Where it will be particularly felt, in our view, will be Italy. Until this point, we can either assume (a) that the ECB holds the line with sovereign bond purchases or (b) on the contrary, it accelerates them. If it holds it, then the increase in Italian sovereign risk will affect French banks more than German banks. The endgame here is France leaving the Eurozone, as it becomes evident that the German lobby on the ECB forces France to recapitalize its financial system at a prohibitively high cost. France would be better off recapitalizing/nationalizing its system in French Francs. But if France leaves, there is no Eurozone and Germany is left without the benefit of its pan-European reserve currency. The negotiations leading to this result would be very interesting, full of volatility and we don’t know what would happen to the value of gold here. Indeed, gold should find a strong bid, but at the same time, one has to believe that the Fed would find it very, very difficult to justify renewing USD swaps to a central bank (the ECB) in the process of being liquidated. This is true particularly in the following months, as a cornerstone of the Republican Party is the promise to closely audit the Fed. In this case, the cost of USD funding would shoot exponentially and margin calls would crush the price gold and the rest of the risky asset spectrum.
If, on the contrary, under Mr. Draghi, the ECB accelerates sovereign bond purchases, the Euro would embark on a devaluing road and gold would steadily rise against ALL currencies, as the Fed would extend a hand to the ECB, in the belief that the Eurozone can survive, albeit at the expense of losing purchasing power and perhaps too, the dream of ever challenging the US dollar as the world’s reserve currency.
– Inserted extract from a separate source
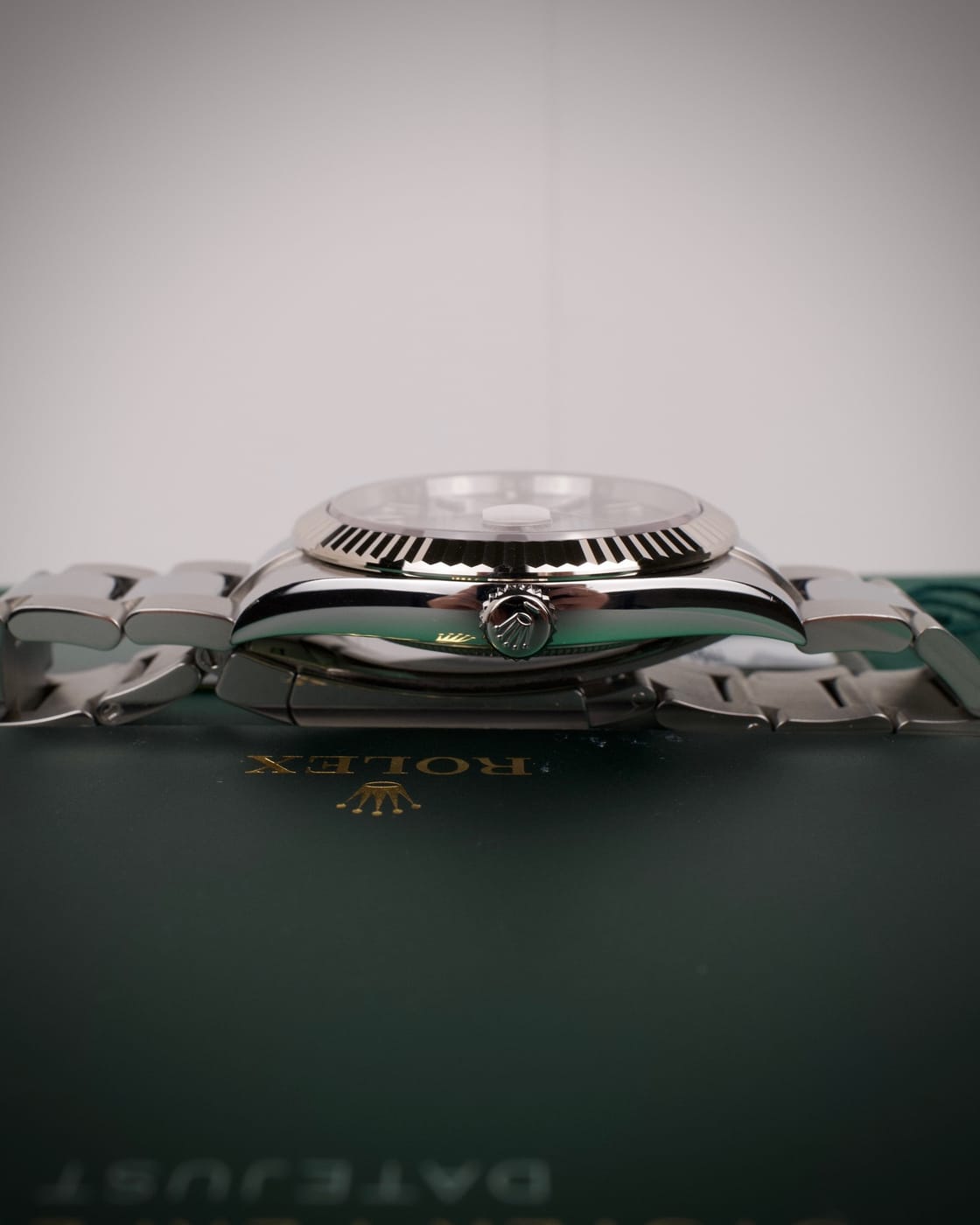 Rolex Datejust 41 — photo 10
In this scenario, the devaluing game would continue as long as the German public tolerates the resulting inflation. This scenario could easily include the separation of Greece and Portugal from the Eurozone, while Spain makes progress with its fiscal program and Italy wins time to restructure. This is the can-kicking option, with no guaranteed results. But it buys time and perhaps ends in some sort of federal tax structure. If inflation picked up significantly, this scenario could potentially end with Germany leaving the Eurozone, particularly if no advance is made towards a pan-European fiscal integration.
We think therefore that this last option (ECB accelerates sovereign bond purchases) is the most likely and see brighter days for gold.